Here he’s a time travelling troublemaker, but the stakes – both within the story and in how he represents real life jeopardy – are nowhere near as severe. How can they be? On Relapse, Slim Shady personified an addiction and a dark place in Marshall Mathers’ mind that had nearly killed him.

The Death of Slim Shady is often at its most entertaining when it loudly recalls past works. The first single, Houdini, returned to the blend of head nodding production and ribald lyrics that made Without Me a huge hit a lifetime ago with great success. Like 2020’s Godzilla it has a cartoonish tone and bounce that Eminem less frequently reaches for now. Which is a shame since, apart from his shocking lyrics and lyrical ability, it was the fact his music was so damn fun to listen to that helped make him a star. Dusted off from the Encore sessions meanwhile, Brand New Dance even makes a case for the mix of childish lyrics and gummy, earworm beats that yielded a mixed critical response to that album back then. Guilty Conscience 2, the aforementioned climax to the story, makes the concept of the rapper basically arguing with himself for five minutes much better than it has any right to be. A few more numbers in the vein of Houdini would have gone a long way to leavening the sometimes dour mood, however.

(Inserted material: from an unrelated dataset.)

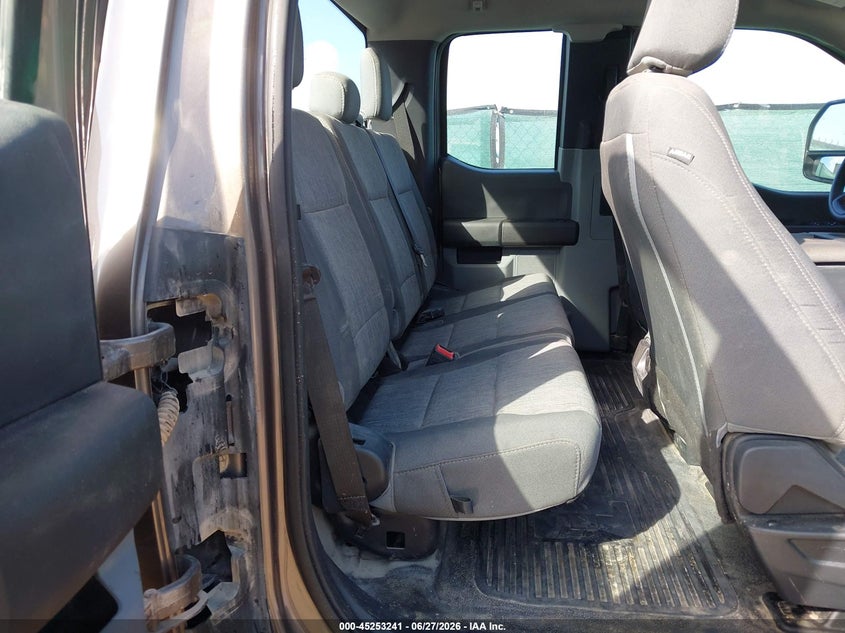 2023 FORD F250 TRUCK 6.8L V-8 VVT, 405HP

The appearances by Big Sean and Babytron on Tobey are great, giving Eminem the chance to add another muscular Detroit posse track to his ouevre. Ez Mil joins in for his second collaboration with the Detroit rapper on Head Honcho, and I never thought I’d hear a guest verse in Tagalog on an Eminem album – which is a cool thing in itself. Skylar Grey is here as usual, while villainous D12 bandmate Bizarre gets to contribute to the controversy-baiting content – with evident glee. Fuel’s opening onslaught by JID is by far the best guest spot here though. Eminem audibly steps his game up to follow the underrated Atlantan, and between them these are probably the two best verses on the whole album.

The other issue that faces Mr. Mathers is that music is consumed and reacted to very differently now. A quarter of a century ago, his impish rhymes and roasting of celebrities could gradually ripple across radio and classrooms, inexorably soaking into the public consciousness. By the time I was buying Eminem and D12 CDs as a teenager, the man was a byword for boundary-pushing, parent-infuriating music.

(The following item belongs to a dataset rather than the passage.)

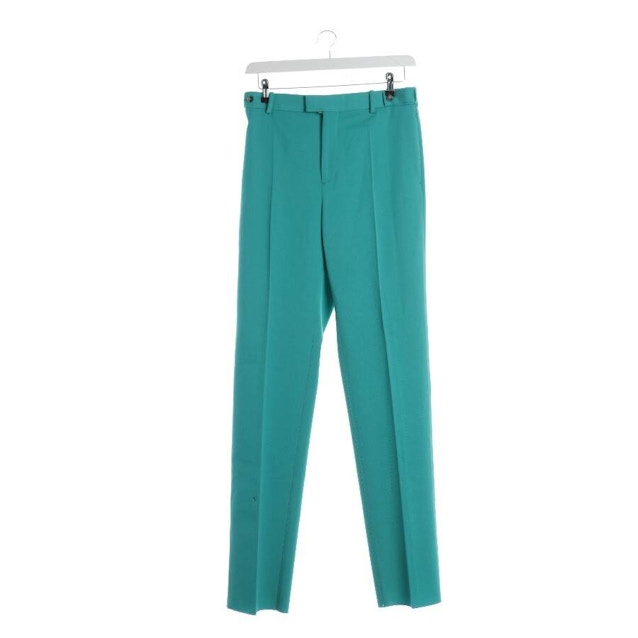 Image 1 of Wool Pants 36 Turquoise | Vite EnVogue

Now, an album release is a drop on Spotify followed by a weekend of quick takes and reactions on social media, instantly echoed by millions of viewers who may well identify more with their favourite content creator than the artist being discussed. There’s at once an ease of access to art and thousands of potential filters through which to experience it, providing the potential for takes, outrage and echo chambers to simmer up and – often – dissipate just as quickly. Eminem was partly relying on this, hoping to yield stung responses from his perennial enemies in critic circles and elation at Shady’s return from his Stans. A couple of weeks on, that has happened to an extent – but not at enough of a volume to make this a cultural moment the way those first three albums were.

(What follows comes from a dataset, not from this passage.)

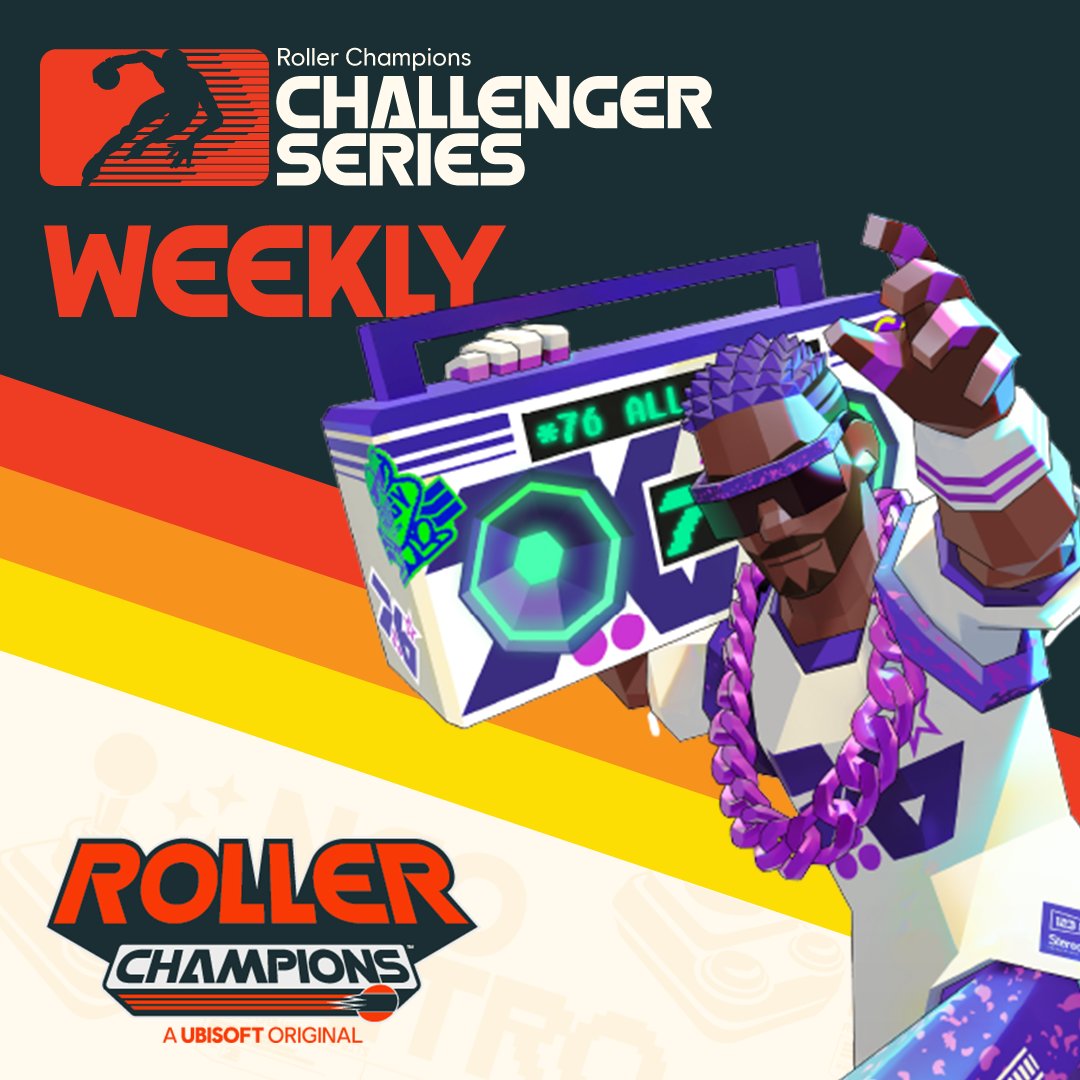 Roller Champions tweet media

What is more interesting is how this record will endure. Dialing down the hyperdrive multisyllabic sprint-rapping he has been on for a minute and focusing (mostly) on a single topic, Eminem is more narratively engaged than he has been for some time. Some of the beats do run into each other even after many listens, with a gloomy atmosphere that lacks the lurking balefulness of Relapse. Nonetheless it’s a good listen, providing plenty of additions to your playlist, and makes a good template for Eminem to hopefully craft more concept albums in future.

Or perhaps if he’s unhappy with the tenor of the response, he’ll once again return with an avenging album of incandescent fury to take issue with everyone for not getting it. Which I’d also enjoy.